* [Your objective]
Nothing should appear in the answer except the lines below from the line containing "Sort Citroën C4 Cactus fra 2016" through the line containing "e 3 vagasCozinha", copied exactly, with pictures left out.

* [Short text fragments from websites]
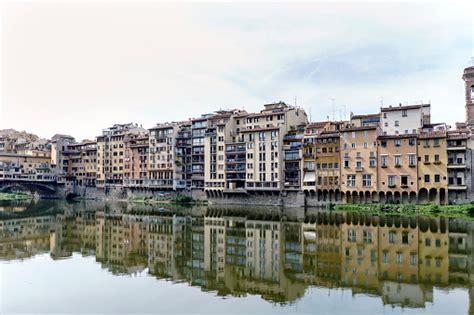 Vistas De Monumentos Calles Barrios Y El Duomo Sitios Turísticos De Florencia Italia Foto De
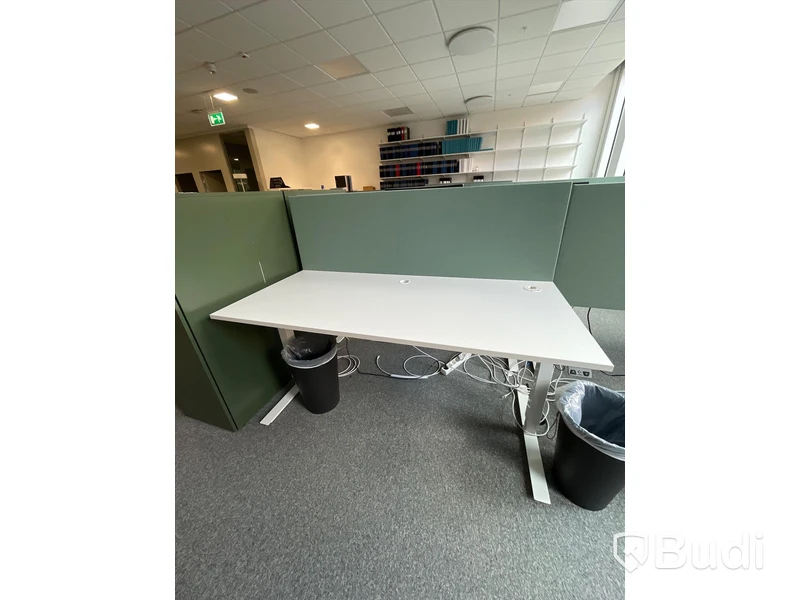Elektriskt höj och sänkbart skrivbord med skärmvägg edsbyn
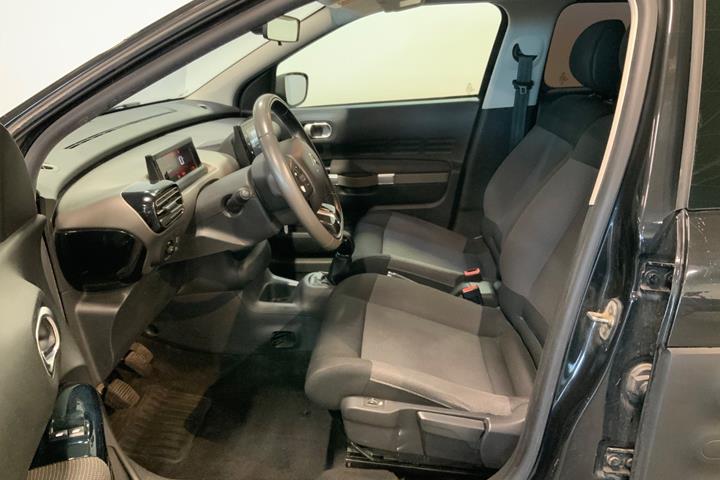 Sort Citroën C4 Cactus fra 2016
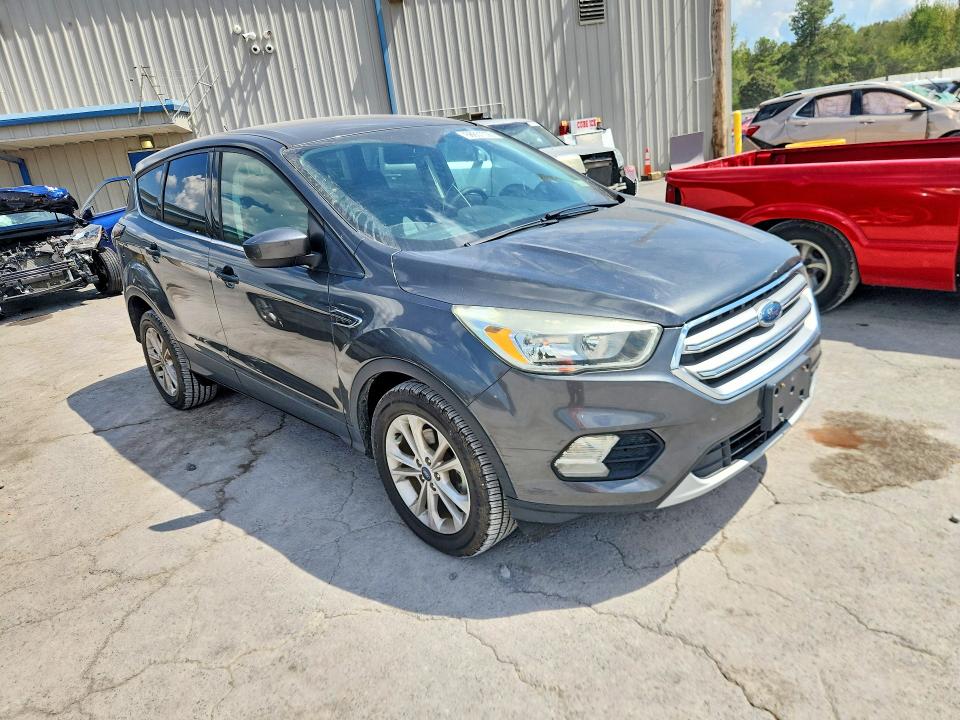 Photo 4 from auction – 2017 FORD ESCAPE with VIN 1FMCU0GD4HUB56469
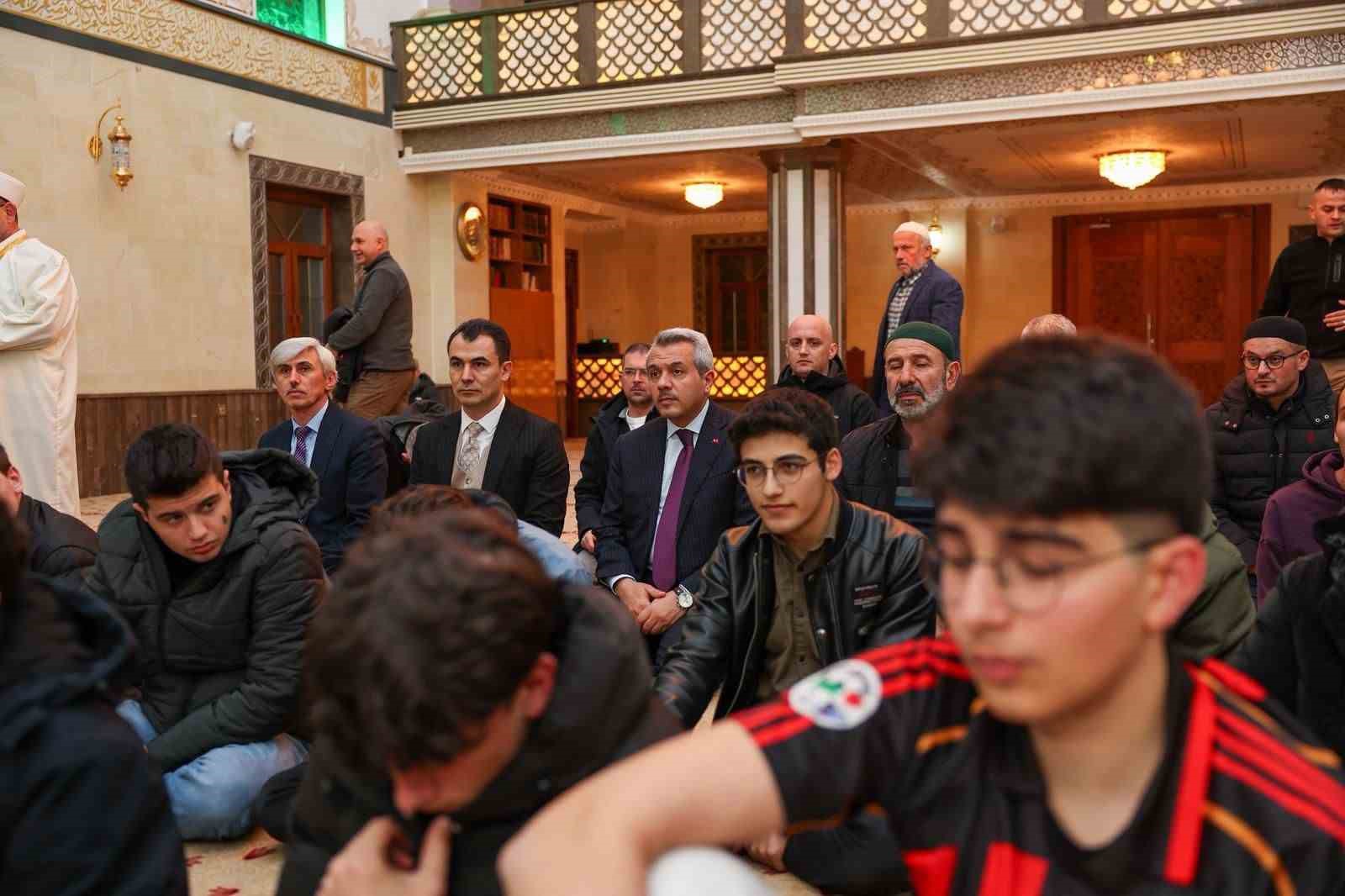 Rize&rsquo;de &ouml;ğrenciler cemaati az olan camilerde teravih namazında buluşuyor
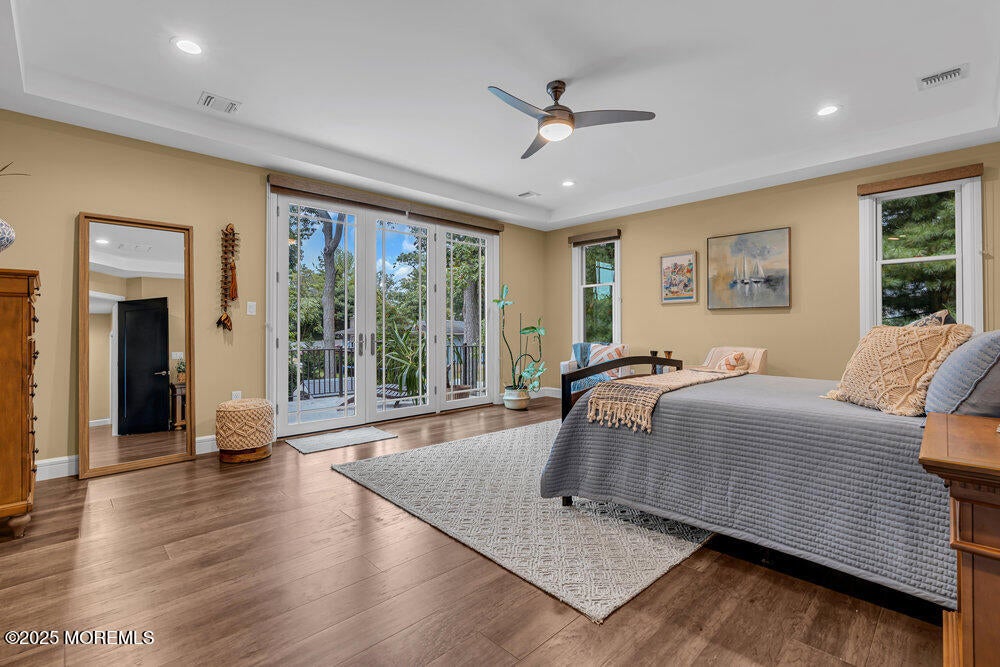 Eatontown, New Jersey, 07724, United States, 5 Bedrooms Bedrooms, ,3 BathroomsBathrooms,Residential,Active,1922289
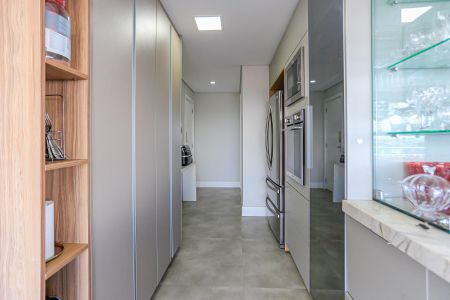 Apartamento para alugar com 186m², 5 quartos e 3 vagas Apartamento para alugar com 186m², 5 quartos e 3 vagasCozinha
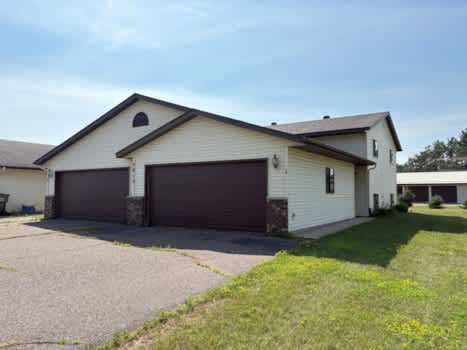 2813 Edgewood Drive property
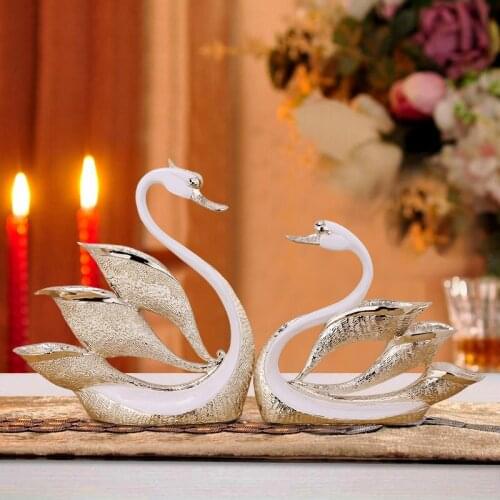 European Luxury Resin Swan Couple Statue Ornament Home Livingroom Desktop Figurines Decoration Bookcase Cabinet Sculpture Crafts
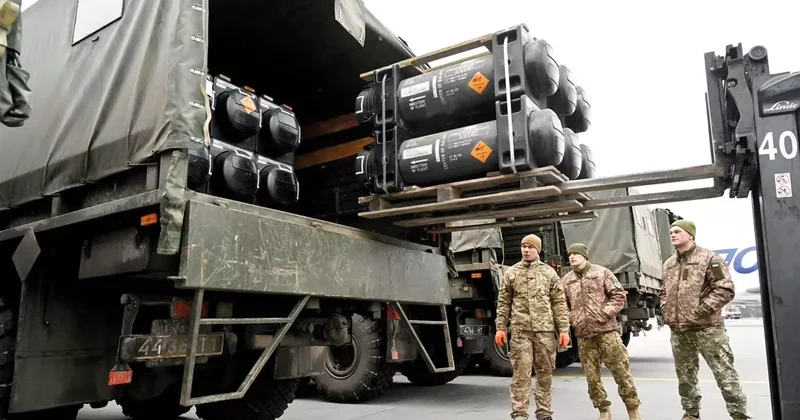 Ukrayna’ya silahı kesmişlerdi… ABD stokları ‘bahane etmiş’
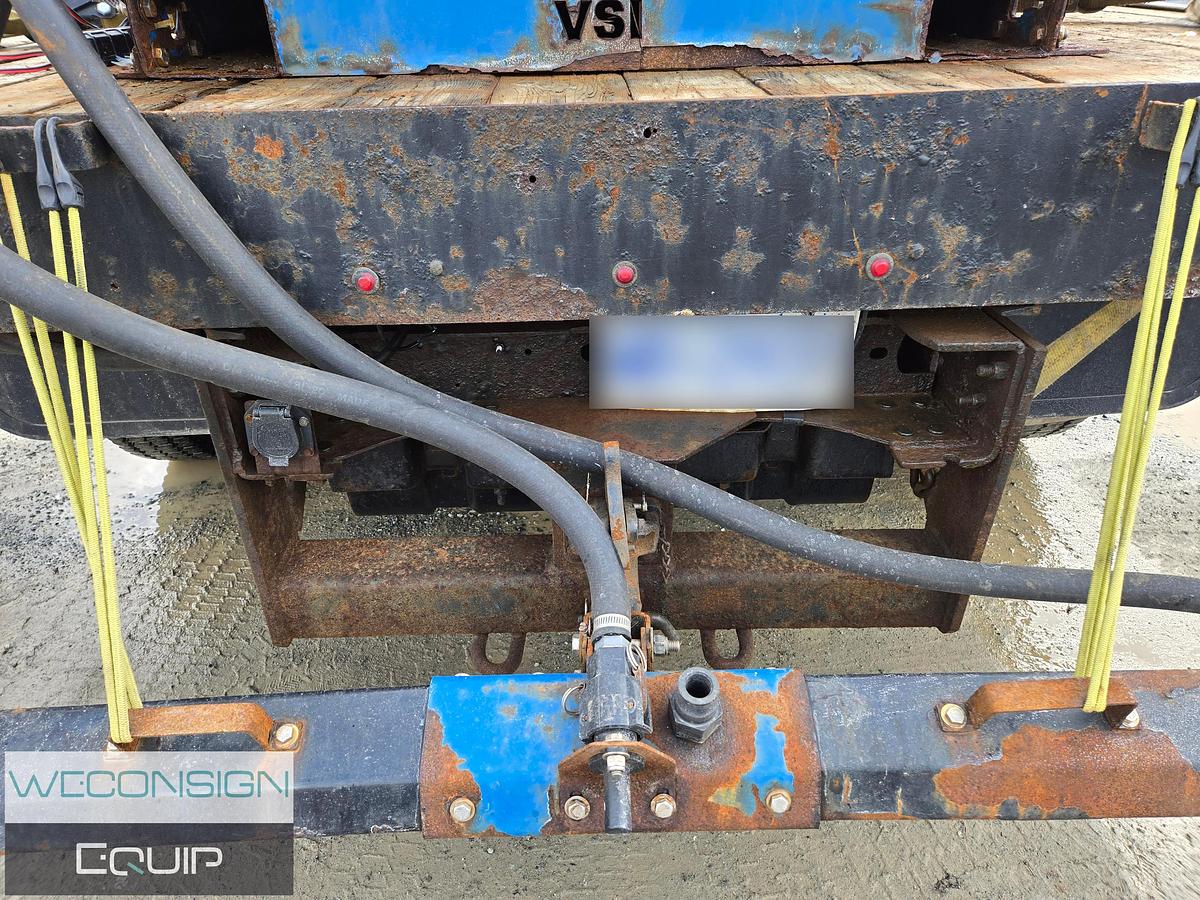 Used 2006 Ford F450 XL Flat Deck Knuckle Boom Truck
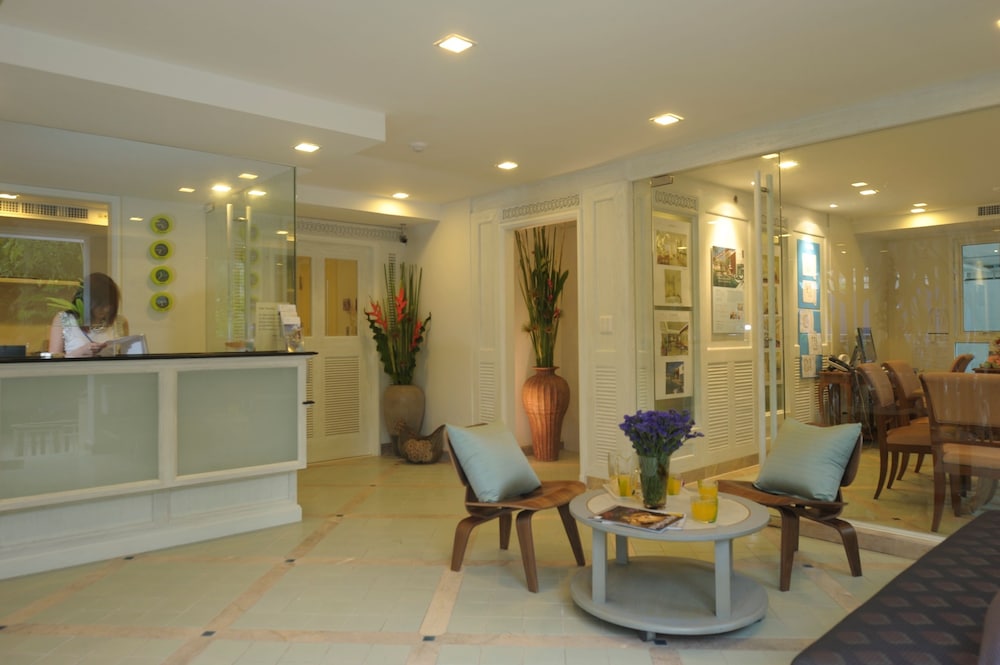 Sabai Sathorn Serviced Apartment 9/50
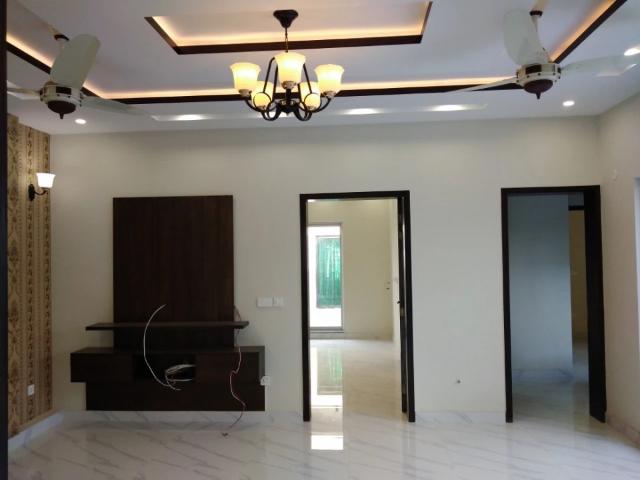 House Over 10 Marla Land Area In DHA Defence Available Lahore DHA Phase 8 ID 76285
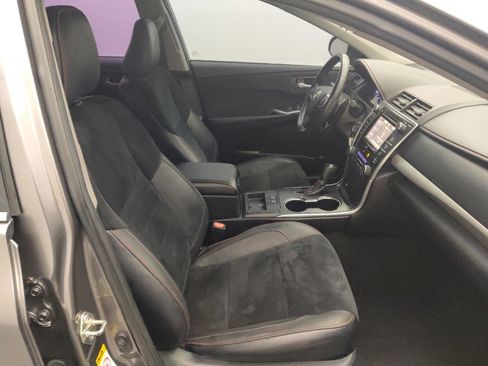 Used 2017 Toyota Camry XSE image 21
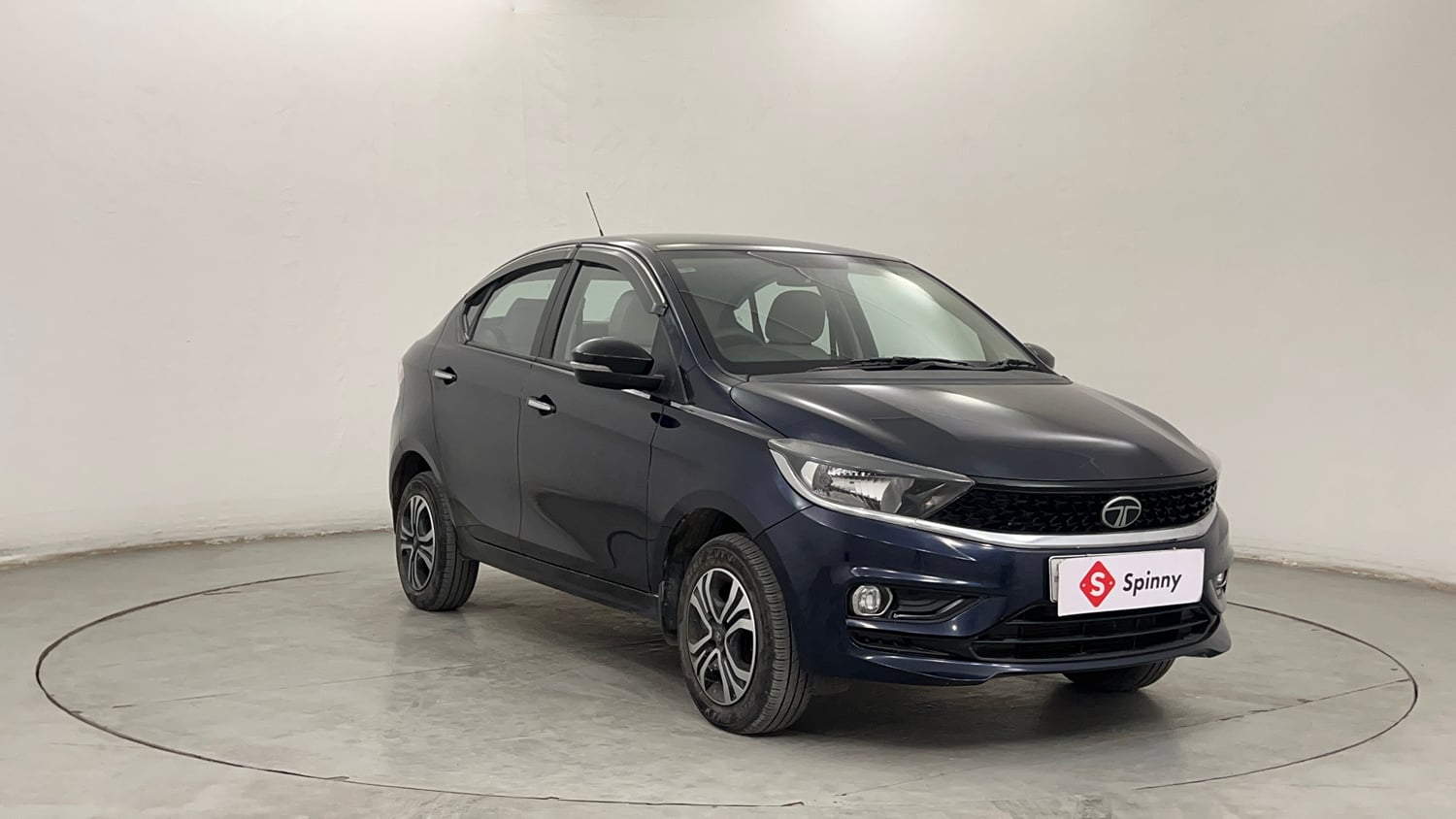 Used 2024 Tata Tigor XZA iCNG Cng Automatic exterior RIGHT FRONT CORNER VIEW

* [Exercise response]
 Sort Citroën C4 Cactus fra 2016
 Photo 4 from auction – 2017 FORD ESCAPE with VIN 1FMCU0GD4HUB56469
 Rize&rsquo;de &ouml;ğrenciler cemaati az olan camilerde teravih namazında buluşuyor
 Eatontown, New Jersey, 07724, United States, 5 Bedrooms Bedrooms, ,3 BathroomsBathrooms,Residential,Active,1922289
 Apartamento para alugar com 186m², 5 quartos e 3 vagas Apartamento para alugar com 186m², 5 quartos e 3 vagasCozinha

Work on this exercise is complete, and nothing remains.